A Quantitative Analysis of the Effect of Batch Normalization on Gradient Descent
Yongqiang Cai, Qianxiao Li, Zuowei Shen

TL;DR
This paper provides a quantitative analysis of how batch normalization improves the convergence and stability of gradient descent, especially in simple linear models, and confirms these effects in more complex settings.
Contribution
It offers the first quantitative analysis of batch normalization's effects on gradient descent convergence and stability, highlighting its acceleration mechanisms and robustness.
Findings
BNG D converges for arbitrary learning rates unlike GD
BNG D's convergence remains linear under mild conditions
Over-parameterization and large learning rate ranges accelerate BNG D
Abstract
Despite its empirical success and recent theoretical progress, there generally lacks a quantitative analysis of the effect of batch normalization (BN) on the convergence and stability of gradient descent. In this paper, we provide such an analysis on the simple problem of ordinary least squares (OLS).
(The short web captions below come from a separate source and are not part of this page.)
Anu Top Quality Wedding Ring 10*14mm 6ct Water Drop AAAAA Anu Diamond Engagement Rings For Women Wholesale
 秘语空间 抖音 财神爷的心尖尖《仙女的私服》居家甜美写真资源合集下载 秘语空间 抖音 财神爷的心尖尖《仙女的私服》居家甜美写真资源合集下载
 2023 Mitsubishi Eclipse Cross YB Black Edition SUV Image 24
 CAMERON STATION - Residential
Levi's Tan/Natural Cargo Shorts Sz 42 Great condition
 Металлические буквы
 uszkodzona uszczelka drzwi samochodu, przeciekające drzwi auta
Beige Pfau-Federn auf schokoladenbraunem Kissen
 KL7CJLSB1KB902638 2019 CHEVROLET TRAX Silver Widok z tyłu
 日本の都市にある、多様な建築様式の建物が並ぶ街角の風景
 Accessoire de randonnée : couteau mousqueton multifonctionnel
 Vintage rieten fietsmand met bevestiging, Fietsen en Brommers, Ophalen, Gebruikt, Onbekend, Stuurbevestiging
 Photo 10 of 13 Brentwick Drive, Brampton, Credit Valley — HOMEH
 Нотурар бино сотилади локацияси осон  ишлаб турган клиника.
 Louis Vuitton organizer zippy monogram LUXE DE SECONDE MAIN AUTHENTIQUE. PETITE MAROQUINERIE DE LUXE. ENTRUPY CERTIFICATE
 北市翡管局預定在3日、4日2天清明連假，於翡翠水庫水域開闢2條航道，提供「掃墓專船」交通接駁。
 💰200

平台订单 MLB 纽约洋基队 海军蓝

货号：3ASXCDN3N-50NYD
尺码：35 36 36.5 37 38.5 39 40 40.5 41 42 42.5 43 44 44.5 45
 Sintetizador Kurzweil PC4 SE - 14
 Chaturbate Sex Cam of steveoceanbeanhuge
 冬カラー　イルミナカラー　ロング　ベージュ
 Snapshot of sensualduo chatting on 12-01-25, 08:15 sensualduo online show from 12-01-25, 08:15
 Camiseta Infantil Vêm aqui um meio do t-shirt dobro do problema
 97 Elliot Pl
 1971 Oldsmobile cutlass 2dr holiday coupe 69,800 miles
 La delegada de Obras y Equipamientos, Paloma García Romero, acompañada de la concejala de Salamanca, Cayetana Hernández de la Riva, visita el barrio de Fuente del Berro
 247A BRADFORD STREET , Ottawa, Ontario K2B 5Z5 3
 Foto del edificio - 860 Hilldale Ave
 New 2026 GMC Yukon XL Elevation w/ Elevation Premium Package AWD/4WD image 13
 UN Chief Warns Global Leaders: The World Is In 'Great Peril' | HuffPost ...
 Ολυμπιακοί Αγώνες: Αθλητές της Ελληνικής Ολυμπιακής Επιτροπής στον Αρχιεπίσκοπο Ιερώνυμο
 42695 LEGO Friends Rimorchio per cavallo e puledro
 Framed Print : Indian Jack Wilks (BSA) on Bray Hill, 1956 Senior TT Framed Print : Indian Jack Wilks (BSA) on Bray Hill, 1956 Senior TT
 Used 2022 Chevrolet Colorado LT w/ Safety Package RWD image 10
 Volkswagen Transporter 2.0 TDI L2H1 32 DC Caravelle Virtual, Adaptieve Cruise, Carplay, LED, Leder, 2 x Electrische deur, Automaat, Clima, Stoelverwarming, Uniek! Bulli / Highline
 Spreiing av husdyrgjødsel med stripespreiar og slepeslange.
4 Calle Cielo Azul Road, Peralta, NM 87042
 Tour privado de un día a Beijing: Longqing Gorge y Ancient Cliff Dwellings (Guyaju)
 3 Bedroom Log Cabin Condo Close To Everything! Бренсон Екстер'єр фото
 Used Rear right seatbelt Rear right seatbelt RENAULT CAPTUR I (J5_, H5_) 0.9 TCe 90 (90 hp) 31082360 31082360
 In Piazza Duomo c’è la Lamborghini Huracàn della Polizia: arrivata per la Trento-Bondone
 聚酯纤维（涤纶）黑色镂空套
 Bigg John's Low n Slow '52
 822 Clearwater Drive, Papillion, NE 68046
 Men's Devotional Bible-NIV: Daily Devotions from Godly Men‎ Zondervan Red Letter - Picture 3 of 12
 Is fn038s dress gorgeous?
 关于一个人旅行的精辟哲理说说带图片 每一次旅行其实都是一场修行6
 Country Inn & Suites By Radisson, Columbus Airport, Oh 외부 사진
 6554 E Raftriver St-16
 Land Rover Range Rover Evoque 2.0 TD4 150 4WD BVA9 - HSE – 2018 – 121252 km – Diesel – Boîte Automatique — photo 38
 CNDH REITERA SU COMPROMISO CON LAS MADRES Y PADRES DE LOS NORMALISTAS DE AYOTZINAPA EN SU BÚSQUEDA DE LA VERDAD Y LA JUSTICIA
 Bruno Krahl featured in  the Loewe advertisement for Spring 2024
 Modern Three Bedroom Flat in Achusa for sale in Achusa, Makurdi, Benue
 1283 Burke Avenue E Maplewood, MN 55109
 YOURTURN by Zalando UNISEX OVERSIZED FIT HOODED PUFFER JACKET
Since precise dynamical properties of gradient descent (GD) is completely known for the OLS problem, it allows us to isolate and compare the additional effects of BN. More precisely, we show that unlike GD, gradient descent with BN (BNGD) converges for arbitrary learning rates for the weights, and the convergence remains linear under mild conditions. Moreover, we quantify two different sources of acceleration of BNGD over GD -- one due to over-parameterization which improves the effective condition number and another due having a large range of learning rates giving rise to fast descent.…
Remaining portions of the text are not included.